Despite pledges to pull out of nuclear accord with Iran Trump has yet to give a definitive answer

Image Credit: AP
A security officer at the Bushehr nuclear power plant. President Donald Trump is weighing a new strategy to confront Iran’s nuclear ambitions that would leave a 2015 agreement intact for now but ask Congress to toughen a law overseeing the Islamic republic’s compliance with the accord.
Gulf News

Washington: President Donald Trump is weighing a new strategy to confront Iran’s nuclear ambitions that would leave a 2015 agreement intact for now but ask Congress to toughen a law overseeing the Islamic republic’s compliance with the accord, according to three administration officials.

The goal behind the strategy, which Trump is expected to announce next week, would be to present a unified front from the administration and Congress to European allies, according to the officials, who asked not to be identified discussing an issue on which the president hasn’t announced a final decision.

The officials declined to say if Trump would also “decertify” Iran’s compliance with the deal, a decision he has to make every 90 days under US law.

Trump has railed against the accord, which was brokered during the Obama administration, as the “worst deal ever” and an “embarrassment to the United States.”

Asked in an interview broadcast on Saturday if he would pull the US out of the Iranian nuclear deal, Trump said, “I won’t say that.”

“A few days from now, almost a week and a half to be exact, you’ll see.”

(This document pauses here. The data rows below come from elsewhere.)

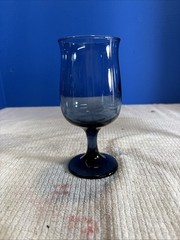 Set of 4 Dusky Blue Water Goblets 6-1/2” H Glass Vintage 10 oz. Libbey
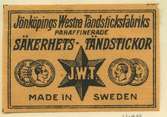 Tändsticksetikett från Jönköpings tändsticksfabrik,  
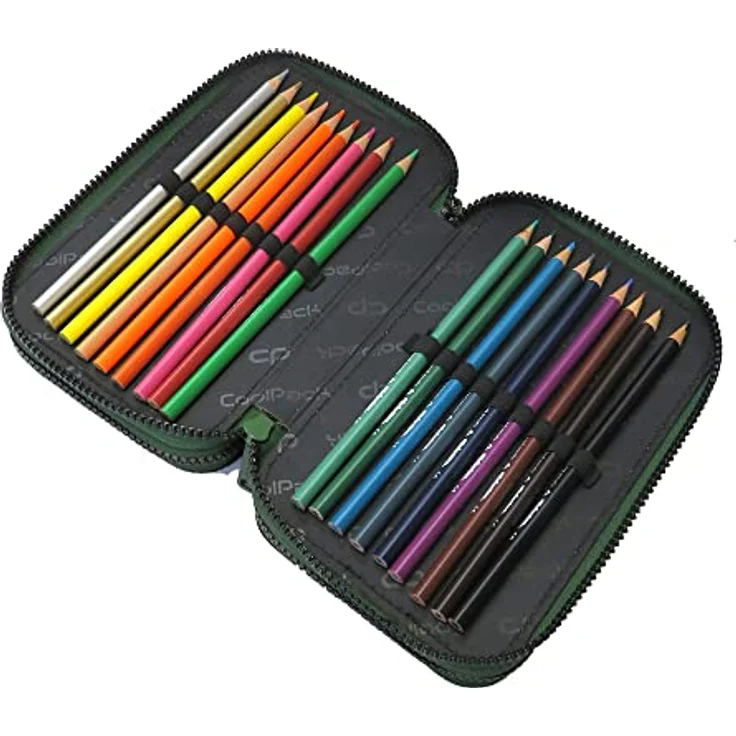 CoolPack XXL Federmäppchen 3-Fach, 44-teiliges Set für Schüler, Ombre Gradient Grass, grün – Bild 4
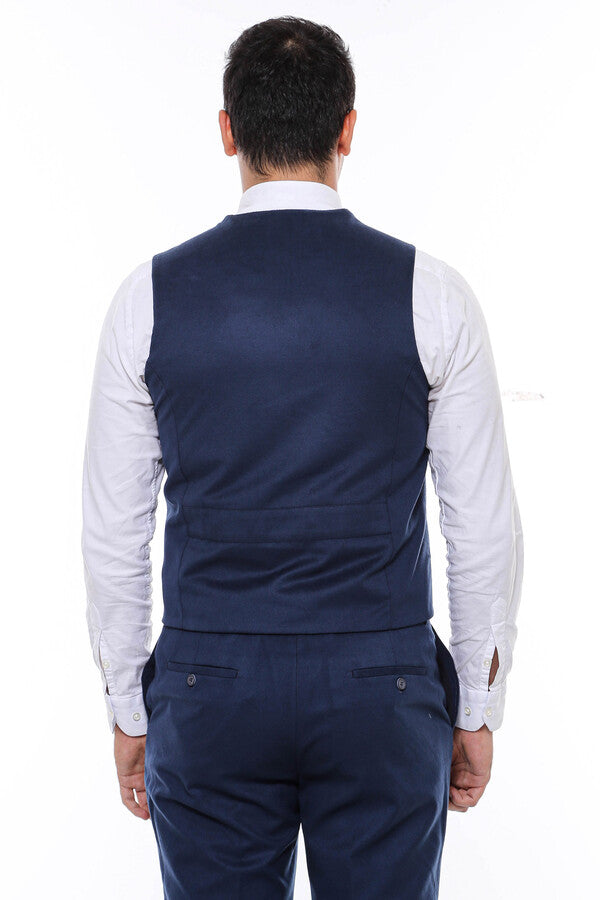 WSS Navy Blue Plain 8 Buttined Vest - Singen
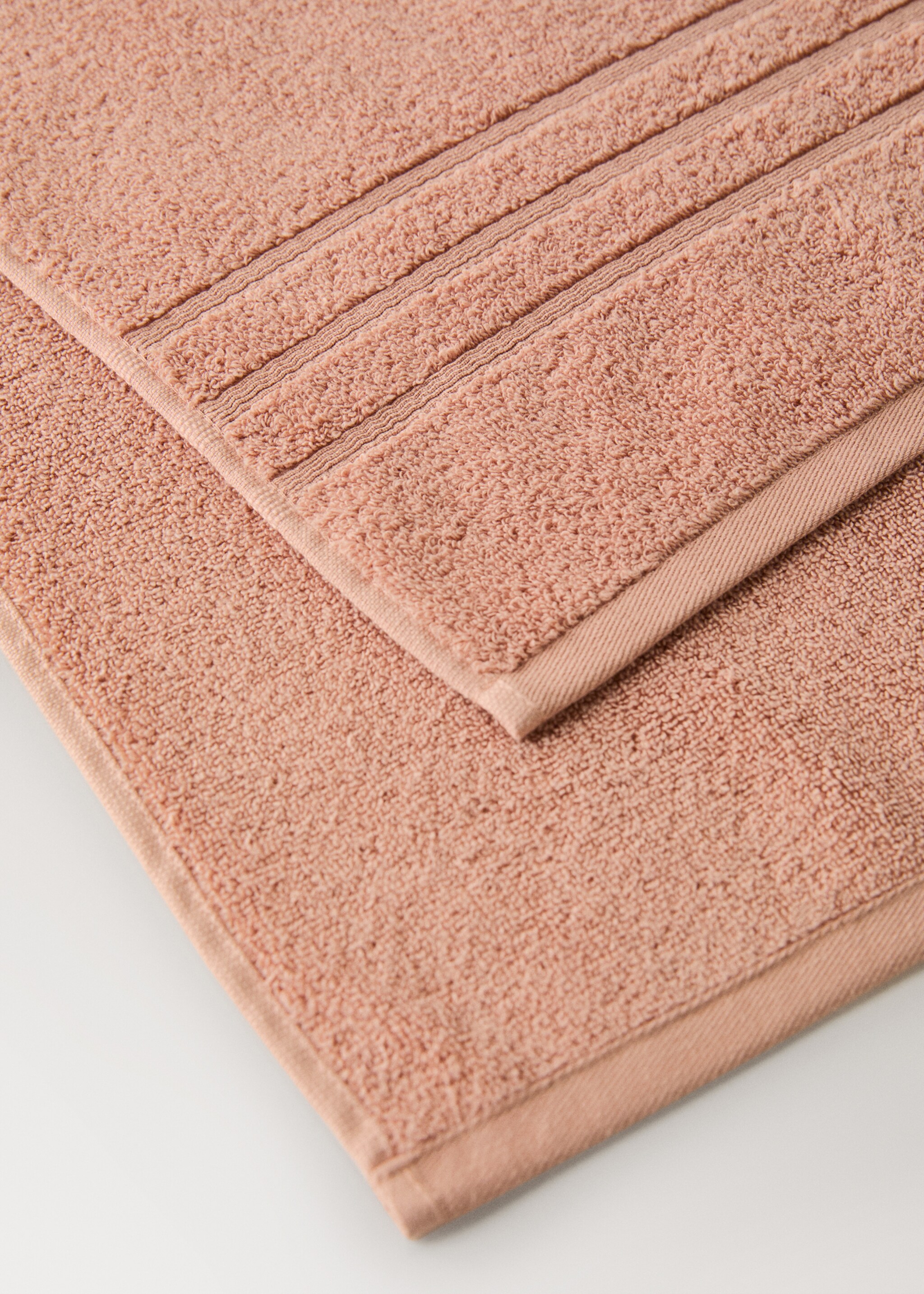 Terry cotton towel - Details of the article 2, Salmon. Ref: 17021612-00.
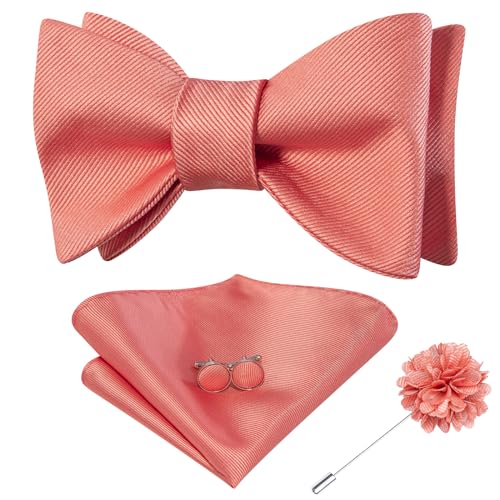 Image of Dubulle Self Tie Bow Ties and Lapel Pin for Men Paisley Solid Mens Bowtie and Handkerchief Cufflinks Set Wedding
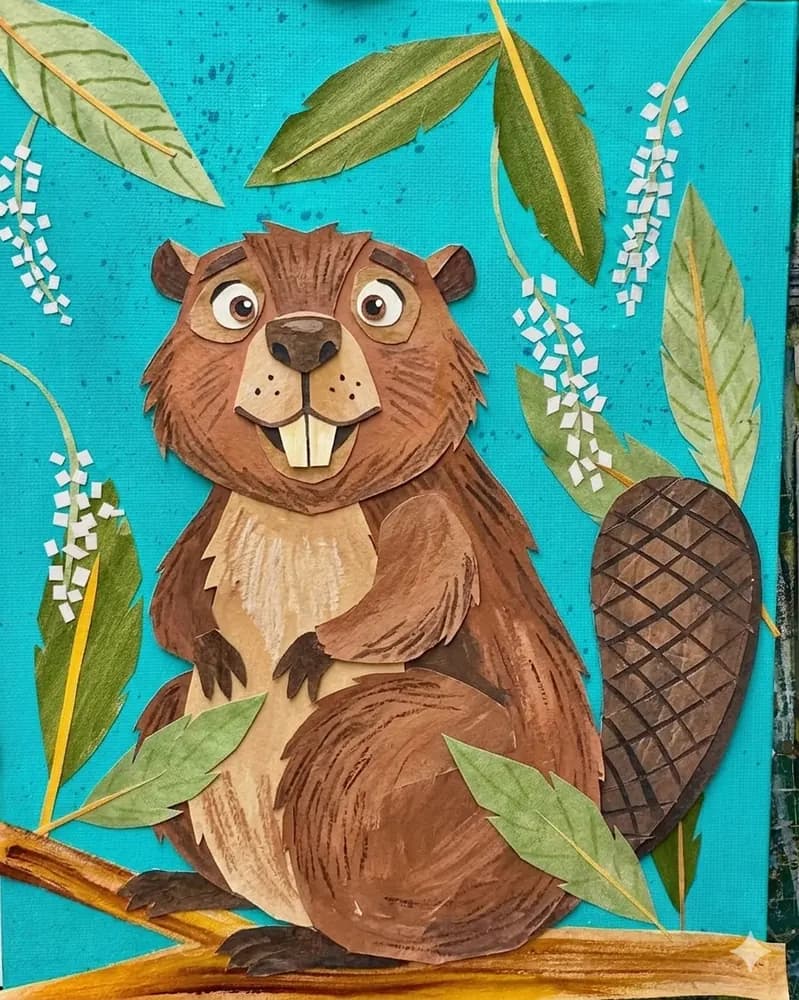 Hoppers Paper Collage, Cut paper + painted accents, ages 5+, 5-hour day-camp version available, Art by Ancourage Bishan & Woodlands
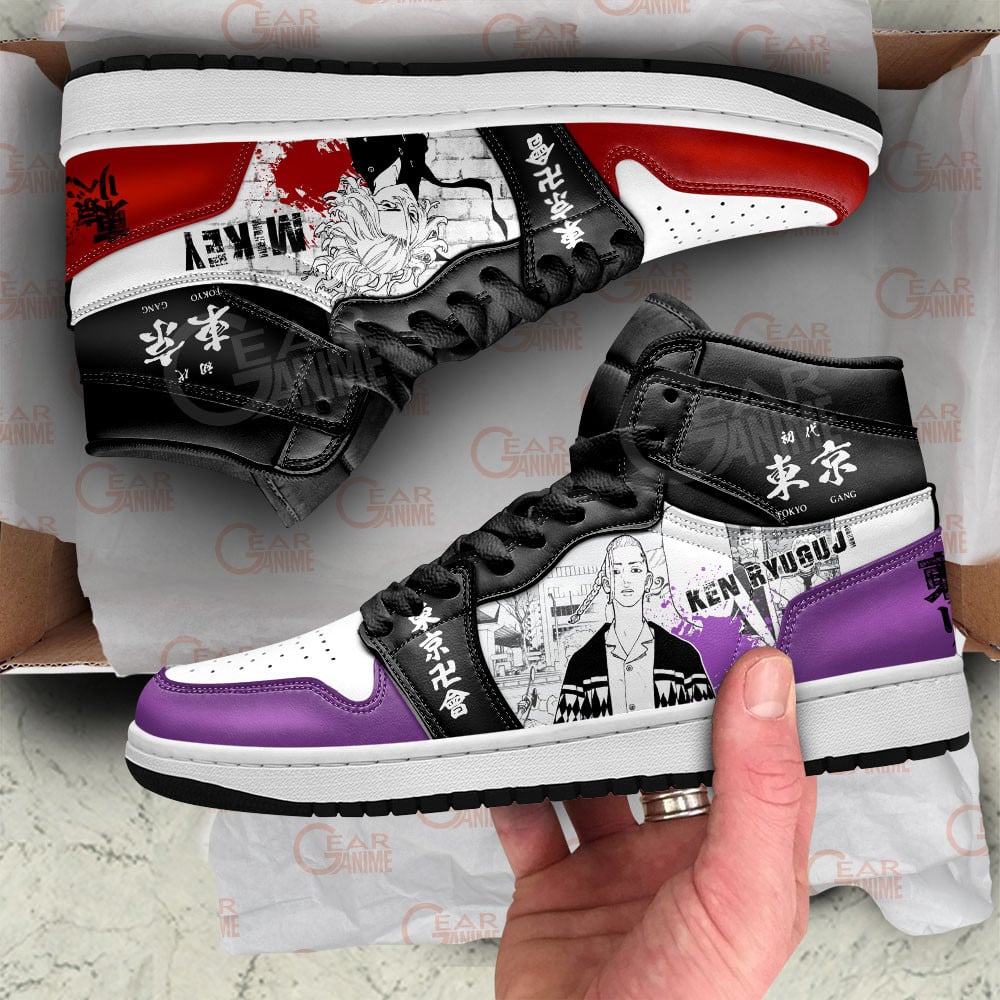 Draken and Mikey JD1s Sneakers Tokyo Revengers Manga Anime Shoes, Air Jordan Hightop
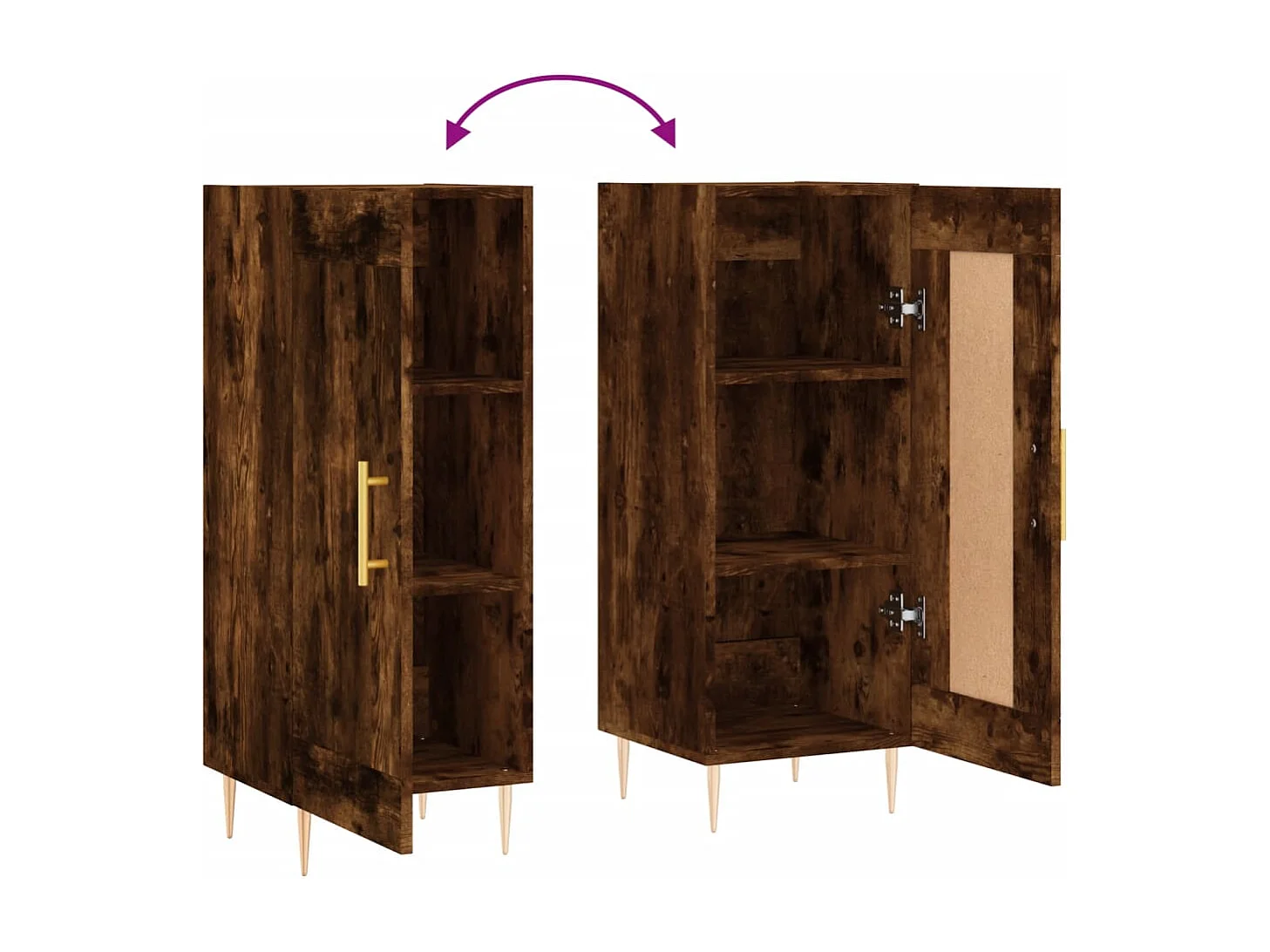 Buffet Chêne fumé 34,5x34x90 cm Bois d'ingénierie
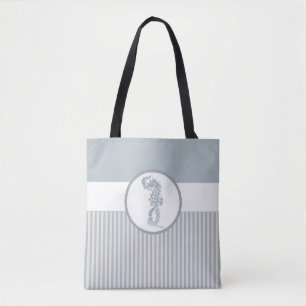 Bolso De Tela Blue Seahorse Blue Classic Nautical Elegant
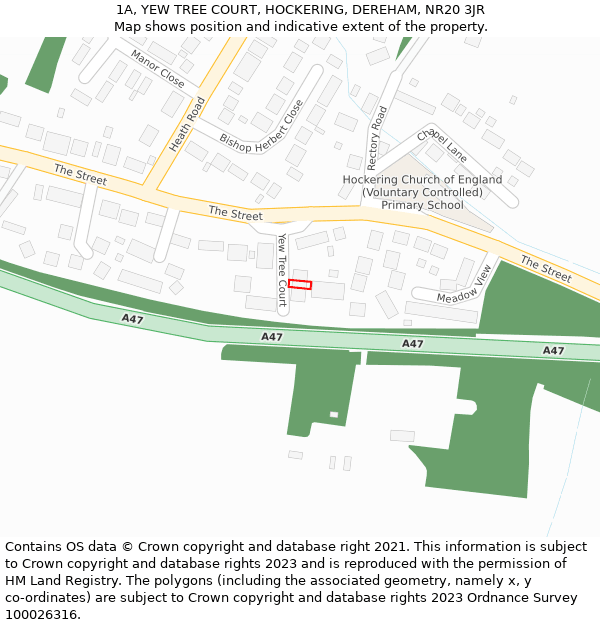 1A, YEW TREE COURT, HOCKERING, DEREHAM, NR20 3JR: Location map and indicative extent of plot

Before meeting with senior military leaders at the White House on Thursday evening, Trump told reporters, “We must put an end to Iran’s aggression and nuclear ambitions.”

Saying that Iran hasn’t “lived up the spirit of the nuclear agreement,” Trump said “you’ll be hearing about Iran very shortly.”

But US allies that are part of the accord, as well as China and Russia, say it’s been effective. They point to assessments by the International Atomic Energy Agency that Iran is meeting requirements to curb its nuclear programme.

That hasn’t persuaded Trump.

Although the president has twice certified Iran’s compliance with the agreement, which lifted a range of economic sanctions in exchange for restrictions on the nuclear programme, he signalled in a July interview with the Wall Street Journal that he wouldn’t do so again before an approaching October 15 deadline.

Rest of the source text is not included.